What to do:
All entries are to be returned verbatim.

Data supplied:
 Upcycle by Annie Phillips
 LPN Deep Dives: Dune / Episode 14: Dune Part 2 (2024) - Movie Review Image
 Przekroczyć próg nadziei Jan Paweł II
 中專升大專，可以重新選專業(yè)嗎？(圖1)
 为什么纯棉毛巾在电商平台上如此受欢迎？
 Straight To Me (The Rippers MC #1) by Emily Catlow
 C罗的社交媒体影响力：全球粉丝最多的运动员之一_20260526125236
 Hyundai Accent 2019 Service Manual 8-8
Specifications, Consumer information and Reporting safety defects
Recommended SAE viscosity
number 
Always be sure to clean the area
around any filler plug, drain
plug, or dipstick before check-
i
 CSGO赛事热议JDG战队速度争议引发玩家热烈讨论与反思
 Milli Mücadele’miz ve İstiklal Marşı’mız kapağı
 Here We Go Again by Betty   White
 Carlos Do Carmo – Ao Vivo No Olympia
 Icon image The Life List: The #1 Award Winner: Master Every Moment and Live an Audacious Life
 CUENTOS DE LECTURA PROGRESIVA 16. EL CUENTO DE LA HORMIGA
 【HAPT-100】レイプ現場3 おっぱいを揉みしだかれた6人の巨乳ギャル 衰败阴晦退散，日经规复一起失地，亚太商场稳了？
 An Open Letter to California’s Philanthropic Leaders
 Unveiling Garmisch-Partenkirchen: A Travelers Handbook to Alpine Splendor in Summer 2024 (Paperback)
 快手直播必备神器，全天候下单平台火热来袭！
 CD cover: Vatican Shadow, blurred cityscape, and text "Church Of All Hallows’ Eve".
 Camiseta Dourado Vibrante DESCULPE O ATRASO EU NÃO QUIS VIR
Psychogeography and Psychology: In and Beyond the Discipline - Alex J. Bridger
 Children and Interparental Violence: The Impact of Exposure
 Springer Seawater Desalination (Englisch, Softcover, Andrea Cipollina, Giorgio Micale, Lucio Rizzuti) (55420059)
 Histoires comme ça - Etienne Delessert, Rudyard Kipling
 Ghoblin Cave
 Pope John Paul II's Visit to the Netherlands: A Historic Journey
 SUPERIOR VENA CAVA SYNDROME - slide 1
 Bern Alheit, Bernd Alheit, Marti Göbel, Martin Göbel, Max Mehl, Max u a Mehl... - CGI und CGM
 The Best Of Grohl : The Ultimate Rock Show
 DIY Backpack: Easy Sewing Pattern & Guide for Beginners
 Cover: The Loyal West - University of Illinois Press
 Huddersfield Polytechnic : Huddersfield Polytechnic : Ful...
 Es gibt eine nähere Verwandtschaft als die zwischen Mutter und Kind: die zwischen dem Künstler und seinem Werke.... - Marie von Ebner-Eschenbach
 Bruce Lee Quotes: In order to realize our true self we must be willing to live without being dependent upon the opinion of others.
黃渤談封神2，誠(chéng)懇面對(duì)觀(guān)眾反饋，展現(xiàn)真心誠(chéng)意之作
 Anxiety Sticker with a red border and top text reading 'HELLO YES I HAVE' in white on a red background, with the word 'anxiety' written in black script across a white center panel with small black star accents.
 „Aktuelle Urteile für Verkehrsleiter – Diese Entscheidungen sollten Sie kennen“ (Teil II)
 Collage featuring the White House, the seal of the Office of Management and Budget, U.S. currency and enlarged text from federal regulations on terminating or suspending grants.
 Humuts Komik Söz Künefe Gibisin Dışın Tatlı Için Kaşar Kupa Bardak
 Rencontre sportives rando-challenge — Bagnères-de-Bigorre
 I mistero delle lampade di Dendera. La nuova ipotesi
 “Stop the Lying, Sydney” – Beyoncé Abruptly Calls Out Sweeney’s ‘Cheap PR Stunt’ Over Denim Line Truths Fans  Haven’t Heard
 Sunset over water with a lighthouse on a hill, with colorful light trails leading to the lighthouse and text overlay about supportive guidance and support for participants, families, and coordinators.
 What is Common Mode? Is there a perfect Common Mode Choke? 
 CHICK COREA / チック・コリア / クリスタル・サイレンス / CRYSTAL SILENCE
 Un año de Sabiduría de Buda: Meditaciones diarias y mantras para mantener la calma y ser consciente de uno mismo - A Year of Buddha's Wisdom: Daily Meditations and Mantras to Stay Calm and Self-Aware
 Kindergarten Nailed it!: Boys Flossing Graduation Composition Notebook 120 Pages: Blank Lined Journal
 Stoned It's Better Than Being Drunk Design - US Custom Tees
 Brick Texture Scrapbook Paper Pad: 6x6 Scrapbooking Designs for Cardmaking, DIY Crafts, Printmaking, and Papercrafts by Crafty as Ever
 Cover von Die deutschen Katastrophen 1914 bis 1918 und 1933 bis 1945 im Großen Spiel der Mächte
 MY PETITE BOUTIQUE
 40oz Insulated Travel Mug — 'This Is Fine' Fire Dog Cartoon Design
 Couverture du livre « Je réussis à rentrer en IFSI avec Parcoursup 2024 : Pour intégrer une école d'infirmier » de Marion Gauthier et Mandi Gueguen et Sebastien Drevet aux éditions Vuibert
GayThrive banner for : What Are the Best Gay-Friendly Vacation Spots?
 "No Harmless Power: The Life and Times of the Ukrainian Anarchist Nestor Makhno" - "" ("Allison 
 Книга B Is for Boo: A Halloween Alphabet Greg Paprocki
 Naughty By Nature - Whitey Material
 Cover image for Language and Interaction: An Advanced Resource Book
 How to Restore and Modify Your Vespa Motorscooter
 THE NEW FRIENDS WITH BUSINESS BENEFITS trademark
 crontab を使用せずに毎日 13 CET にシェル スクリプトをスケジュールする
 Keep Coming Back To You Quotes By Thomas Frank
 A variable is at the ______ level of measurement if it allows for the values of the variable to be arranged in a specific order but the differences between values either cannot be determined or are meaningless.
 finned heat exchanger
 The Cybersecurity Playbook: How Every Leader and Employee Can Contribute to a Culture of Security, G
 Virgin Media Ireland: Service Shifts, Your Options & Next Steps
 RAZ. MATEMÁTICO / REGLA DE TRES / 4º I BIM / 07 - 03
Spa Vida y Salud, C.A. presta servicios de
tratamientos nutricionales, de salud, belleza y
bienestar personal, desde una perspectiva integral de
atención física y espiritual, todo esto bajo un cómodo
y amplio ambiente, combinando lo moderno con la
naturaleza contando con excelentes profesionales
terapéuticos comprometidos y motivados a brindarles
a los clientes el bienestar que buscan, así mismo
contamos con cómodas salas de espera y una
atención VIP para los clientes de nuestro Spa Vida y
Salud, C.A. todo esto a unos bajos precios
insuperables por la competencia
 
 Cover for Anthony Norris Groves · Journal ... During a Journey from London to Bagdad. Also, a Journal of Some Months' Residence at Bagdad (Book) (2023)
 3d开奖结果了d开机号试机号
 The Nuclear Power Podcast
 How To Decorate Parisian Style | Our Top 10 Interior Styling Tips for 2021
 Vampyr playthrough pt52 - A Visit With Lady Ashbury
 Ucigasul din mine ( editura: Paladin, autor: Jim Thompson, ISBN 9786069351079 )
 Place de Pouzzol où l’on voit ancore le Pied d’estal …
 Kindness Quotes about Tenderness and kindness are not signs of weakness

Reply:
 Upcycle by Annie Phillips
 LPN Deep Dives: Dune / Episode 14: Dune Part 2 (2024) - Movie Review Image
 Przekroczyć próg nadziei Jan Paweł II
 中專升大專，可以重新選專業(yè)嗎？(圖1)
 为什么纯棉毛巾在电商平台上如此受欢迎？
 Straight To Me (The Rippers MC #1) by Emily Catlow
 C罗的社交媒体影响力：全球粉丝最多的运动员之一_20260526125236
 Hyundai Accent 2019 Service Manual 8-8
Specifications, Consumer information and Reporting safety defects
Recommended SAE viscosity
number 
Always be sure to clean the area
around any filler plug, drain
plug, or dipstick before check-
i
 CSGO赛事热议JDG战队速度争议引发玩家热烈讨论与反思
 Milli Mücadele’miz ve İstiklal Marşı’mız kapağı
 Here We Go Again by Betty   White
 Carlos Do Carmo – Ao Vivo No Olympia
 Icon image The Life List: The #1 Award Winner: Master Every Moment and Live an Audacious Life
 CUENTOS DE LECTURA PROGRESIVA 16. EL CUENTO DE LA HORMIGA
 【HAPT-100】レイプ現場3 おっぱいを揉みしだかれた6人の巨乳ギャル 衰败阴晦退散，日经规复一起失地，亚太商场稳了？
 An Open Letter to California’s Philanthropic Leaders
 Unveiling Garmisch-Partenkirchen: A Travelers Handbook to Alpine Splendor in Summer 2024 (Paperback)
 快手直播必备神器，全天候下单平台火热来袭！
 CD cover: Vatican Shadow, blurred cityscape, and text "Church Of All Hallows’ Eve".
 Camiseta Dourado Vibrante DESCULPE O ATRASO EU NÃO QUIS VIR
Psychogeography and Psychology: In and Beyond the Discipline - Alex J. Bridger
 Children and Interparental Violence: The Impact of Exposure
 Springer Seawater Desalination (Englisch, Softcover, Andrea Cipollina, Giorgio Micale, Lucio Rizzuti) (55420059)
 Histoires comme ça - Etienne Delessert, Rudyard Kipling
 Ghoblin Cave
 Pope John Paul II's Visit to the Netherlands: A Historic Journey
 SUPERIOR VENA CAVA SYNDROME - slide 1
 Bern Alheit, Bernd Alheit, Marti Göbel, Martin Göbel, Max Mehl, Max u a Mehl... - CGI und CGM
 The Best Of Grohl : The Ultimate Rock Show
 DIY Backpack: Easy Sewing Pattern & Guide for Beginners
 Cover: The Loyal West - University of Illinois Press
 Huddersfield Polytechnic : Huddersfield Polytechnic : Ful...
 Es gibt eine nähere Verwandtschaft als die zwischen Mutter und Kind: die zwischen dem Künstler und seinem Werke.... - Marie von Ebner-Eschenbach
 Bruce Lee Quotes: In order to realize our true self we must be willing to live without being dependent upon the opinion of others.
黃渤談封神2，誠(chéng)懇面對(duì)觀(guān)眾反饋，展現(xiàn)真心誠(chéng)意之作
 Anxiety Sticker with a red border and top text reading 'HELLO YES I HAVE' in white on a red background, with the word 'anxiety' written in black script across a white center panel with small black star accents.
 „Aktuelle Urteile für Verkehrsleiter – Diese Entscheidungen sollten Sie kennen“ (Teil II)
 Collage featuring the White House, the seal of the Office of Management and Budget, U.S. currency and enlarged text from federal regulations on terminating or suspending grants.
 Humuts Komik Söz Künefe Gibisin Dışın Tatlı Için Kaşar Kupa Bardak
 Rencontre sportives rando-challenge — Bagnères-de-Bigorre
 I mistero delle lampade di Dendera. La nuova ipotesi
 “Stop the Lying, Sydney” – Beyoncé Abruptly Calls Out Sweeney’s ‘Cheap PR Stunt’ Over Denim Line Truths Fans  Haven’t Heard
 Sunset over water with a lighthouse on a hill, with colorful light trails leading to the lighthouse and text overlay about supportive guidance and support for participants, families, and coordinators.
 What is Common Mode? Is there a perfect Common Mode Choke? 
 CHICK COREA / チック・コリア / クリスタル・サイレンス / CRYSTAL SILENCE
 Un año de Sabiduría de Buda: Meditaciones diarias y mantras para mantener la calma y ser consciente de uno mismo - A Year of Buddha's Wisdom: Daily Meditations and Mantras to Stay Calm and Self-Aware
 Kindergarten Nailed it!: Boys Flossing Graduation Composition Notebook 120 Pages: Blank Lined Journal
 Stoned It's Better Than Being Drunk Design - US Custom Tees
 Brick Texture Scrapbook Paper Pad: 6x6 Scrapbooking Designs for Cardmaking, DIY Crafts, Printmaking, and Papercrafts by Crafty as Ever
 Cover von Die deutschen Katastrophen 1914 bis 1918 und 1933 bis 1945 im Großen Spiel der Mächte
 MY PETITE BOUTIQUE
 40oz Insulated Travel Mug — 'This Is Fine' Fire Dog Cartoon Design
 Couverture du livre « Je réussis à rentrer en IFSI avec Parcoursup 2024 : Pour intégrer une école d'infirmier » de Marion Gauthier et Mandi Gueguen et Sebastien Drevet aux éditions Vuibert
GayThrive banner for : What Are the Best Gay-Friendly Vacation Spots?
 "No Harmless Power: The Life and Times of the Ukrainian Anarchist Nestor Makhno" - "" ("Allison 
 Книга B Is for Boo: A Halloween Alphabet Greg Paprocki
 Naughty By Nature - Whitey Material
 Cover image for Language and Interaction: An Advanced Resource Book
 How to Restore and Modify Your Vespa Motorscooter
 THE NEW FRIENDS WITH BUSINESS BENEFITS trademark
 crontab を使用せずに毎日 13 CET にシェル スクリプトをスケジュールする
 Keep Coming Back To You Quotes By Thomas Frank
 A variable is at the ______ level of measurement if it allows for the values of the variable to be arranged in a specific order but the differences between values either cannot be determined or are meaningless.
 finned heat exchanger
 The Cybersecurity Playbook: How Every Leader and Employee Can Contribute to a Culture of Security, G
 Virgin Media Ireland: Service Shifts, Your Options & Next Steps
 RAZ. MATEMÁTICO / REGLA DE TRES / 4º I BIM / 07 - 03
Spa Vida y Salud, C.A. presta servicios de
tratamientos nutricionales, de salud, belleza y
bienestar personal, desde una perspectiva integral de
atención física y espiritual, todo esto bajo un cómodo
y amplio ambiente, combinando lo moderno con la
naturaleza contando con excelentes profesionales
terapéuticos comprometidos y motivados a brindarles
a los clientes el bienestar que buscan, así mismo
contamos con cómodas salas de espera y una
atención VIP para los clientes de nuestro Spa Vida y
Salud, C.A. todo esto a unos bajos precios
insuperables por la competencia
 
 Cover for Anthony Norris Groves · Journal ... During a Journey from London to Bagdad. Also, a Journal of Some Months' Residence at Bagdad (Book) (2023)
 3d开奖结果了d开机号试机号
 The Nuclear Power Podcast
 How To Decorate Parisian Style | Our Top 10 Interior Styling Tips for 2021
 Vampyr playthrough pt52 - A Visit With Lady Ashbury
 Ucigasul din mine ( editura: Paladin, autor: Jim Thompson, ISBN 9786069351079 )
 Place de Pouzzol où l’on voit ancore le Pied d’estal …
 Kindness Quotes about Tenderness and kindness are not signs of weakness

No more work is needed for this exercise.